In considering the coming ages, it would seem silly to posit that Sapiens are the pinnacle of development, that this unsettled state of being should define us forever after. Indeed, perhaps we have already evolved. Perhaps we have already branched out into these various species, and have yet to recognize it from such close and personal subjectivity.

But perhaps, as we strive with every fibre of our collective being to exchange our vulnerable bodies, twisted minds, wounded spirits, and physical suffering for intelligent machines drawn from the dust of the earth that we can design for our own use, and to manipulate for our immediate needs, we can be known for our most prominent trait. Homo Mechanimus. But then… we wouldn’t be human any longer, would we? It seems we just can’t figure out how to be happy with what we are.

Perhaps our next appellation in the parade of species will be accurately be called Homo Turbatus – Disgruntled Humans.

It seems likely that, in our self-induced turmoil, we will wind up replacing ourselves with something non-human. We loathe ourselves that much. We seem hell-bent on that goal, to replace ourselves with machines.

Then again, perhaps our nomenclature is driven by our aspirations. Perhaps Erectus stood up and walked because that was their goal, not their inherent quality.

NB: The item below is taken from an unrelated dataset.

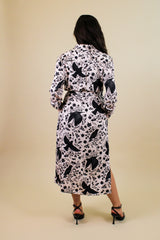 Zaha Shirt Dress - Starling Bird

Perhaps Sapiens merely wish to be wise, and that informs both our purpose and our name. Perhaps we will grow into and through our current form, finally make use of this trademark wisdom we take such pride in, and find ourselves moving on to our next purpose. Perhaps the final state of Homo Sapiens, with guidance from those Creative Powers we are too afraid to give control to now, will become known throughout the universe as Homo Contentus.

Humans, Satisfied.

That would indeed be a new Creation.